Langsung ke konten utama

Syekh Siti Jenar: Satu Cermin Banyak Gambar

APAKAH Syekh Siti Jenar itu seorang mukmin? Kalau jawabannya "ya", kenapa ia akhirnya "diadili" oleh dewan wali (Wali Songo) atas tuduhan menyebarkan agama sesat? Kalau jawabannya "tidak", kenapa ia disejajarkan kedudukannya dengan Wali Songo dan disebut syekh atau wali?

Berbagai pertanyaan tersebut selama ini menghinggapi benak masyarakat. Namun, jika Anda mengajukan pertanyaan tersebut pada buku Syekh Siti Jenar (Pergumulan Islam Jawa), semua akan terjawab tuntas.
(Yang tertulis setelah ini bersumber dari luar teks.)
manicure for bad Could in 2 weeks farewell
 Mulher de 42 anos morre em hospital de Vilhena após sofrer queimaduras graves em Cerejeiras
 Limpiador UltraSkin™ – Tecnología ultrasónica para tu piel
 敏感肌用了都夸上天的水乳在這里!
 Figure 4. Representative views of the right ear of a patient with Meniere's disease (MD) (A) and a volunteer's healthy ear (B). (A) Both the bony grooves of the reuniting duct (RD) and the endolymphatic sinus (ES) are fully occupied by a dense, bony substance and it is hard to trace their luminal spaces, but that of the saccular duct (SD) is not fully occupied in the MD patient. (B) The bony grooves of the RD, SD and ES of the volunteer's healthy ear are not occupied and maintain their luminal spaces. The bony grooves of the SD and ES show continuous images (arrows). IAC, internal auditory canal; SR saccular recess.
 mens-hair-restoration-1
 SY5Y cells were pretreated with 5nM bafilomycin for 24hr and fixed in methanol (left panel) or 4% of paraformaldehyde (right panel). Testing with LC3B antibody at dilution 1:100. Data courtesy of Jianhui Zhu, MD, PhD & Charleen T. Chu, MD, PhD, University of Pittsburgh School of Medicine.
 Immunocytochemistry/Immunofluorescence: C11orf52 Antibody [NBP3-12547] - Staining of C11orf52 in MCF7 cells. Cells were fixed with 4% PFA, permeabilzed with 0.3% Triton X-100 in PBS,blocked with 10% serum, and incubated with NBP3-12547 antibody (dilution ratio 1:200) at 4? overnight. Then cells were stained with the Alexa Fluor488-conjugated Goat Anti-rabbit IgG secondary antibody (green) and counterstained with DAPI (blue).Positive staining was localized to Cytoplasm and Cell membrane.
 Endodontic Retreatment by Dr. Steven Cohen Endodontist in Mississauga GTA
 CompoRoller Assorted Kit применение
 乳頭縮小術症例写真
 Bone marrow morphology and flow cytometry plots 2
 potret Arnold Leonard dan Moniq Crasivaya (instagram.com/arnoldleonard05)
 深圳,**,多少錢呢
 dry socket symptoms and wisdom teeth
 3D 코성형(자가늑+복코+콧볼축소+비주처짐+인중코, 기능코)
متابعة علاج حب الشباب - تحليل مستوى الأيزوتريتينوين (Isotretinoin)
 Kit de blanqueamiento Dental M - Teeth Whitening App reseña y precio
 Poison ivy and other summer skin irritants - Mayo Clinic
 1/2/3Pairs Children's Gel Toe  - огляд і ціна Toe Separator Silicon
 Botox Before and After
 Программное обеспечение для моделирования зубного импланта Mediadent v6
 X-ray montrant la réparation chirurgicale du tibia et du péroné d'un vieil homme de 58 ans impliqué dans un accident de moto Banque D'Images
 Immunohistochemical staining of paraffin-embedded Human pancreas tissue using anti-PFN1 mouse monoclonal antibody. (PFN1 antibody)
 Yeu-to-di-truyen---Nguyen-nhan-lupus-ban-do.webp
Bagi pengarang buku ini, Syekh Siti Jenar adalah sosok penganut Islam yang "aneh". Lewat ajarannya wihdatul wujud (manunggaling kawula Gusti), ajarannya dianggap menyesatkan banyak orang. Karena Tuhan diyakini menyatu dalam diri Syekh Siti Jenar yang juga dipanggil Lemah Abang tersebut. Tuhan adalah dia, dan dia adalah Tuhan.

Ditinjau dari segi syari'ah, hal demikian sangatlah tidak sesuai dengan ajaran Islam. Bagaimana mungkin Tuhan yang berbeda ruang dan waktu disamakan dengan manusia? Namun statemen tersebut buru-buru harus direvisi manakala dikaitkan dengan ajaran lain, misalnya tasawuf.

Sejak dahulu hingga kini, pergulatan "memaknai" adanya Yang Maha Gaib" memang berbeda-beda. Antara kelompok satu dengan kelompok lain berbeda dalam cara, pemahaman, dan penghayatannya.

Orang yang telah mencapai ma'rifat tentu berlainan dengan orang yang baru mencapai taraf syari'at dalam memahami Tuhan. Masyarakat yang berada dalam arus umum syari'ah akan menganggap aneh, janggal, tak masuk akal, bila memandang mereka yang banyak bergulat dalam pemikiran ma'rifat.

Dan keanehan itu semua melekat pada diri Syekh Siti Jenar. Dalam pergulatan mencari permaknaan akan Tuhan, wali yang nyleneh tersebut memakai kaca mata tasawuf (taraf ma'rifat). Sedang mainstream yang berkembang pada waktu itu adalah syari'at.

Tentunya, kalau ajaran seperti ini diperuntukkan pada masyarakat awam, akan menimbulkan kekacauan dan ketumpangtindihan ajaran. Ini misalnya, ia menganggap bahwa hidup ini ibarat mati. Maka daripada mati di dunia, mendingan mati "beneran". Maka pada waktu itu (karena dampak ajaran Siti Jenar) banyak orang yang berusaha bunuh diri (ingin bertemu dengan Tuhan, sebab terpengaruh ajaran wihdatul wujud tadi).

Tindakan ini jelas mengundang perdebatan sengit. Wali Songo sebenarnya bisa memahami ajaran Syekh Siti Jenar. Namun, apakah masyarakat bisa memahami dan tidak salah arah? Oleh karena itu, ada dua pilihan: membiarkan ajaran tersebut yang berakibat mudharat lebih besar, atau "membunuh" ajaran itu dengan risiko sekecil mungkin. Akhirnya Wali Songo memilih jalan yang kedua.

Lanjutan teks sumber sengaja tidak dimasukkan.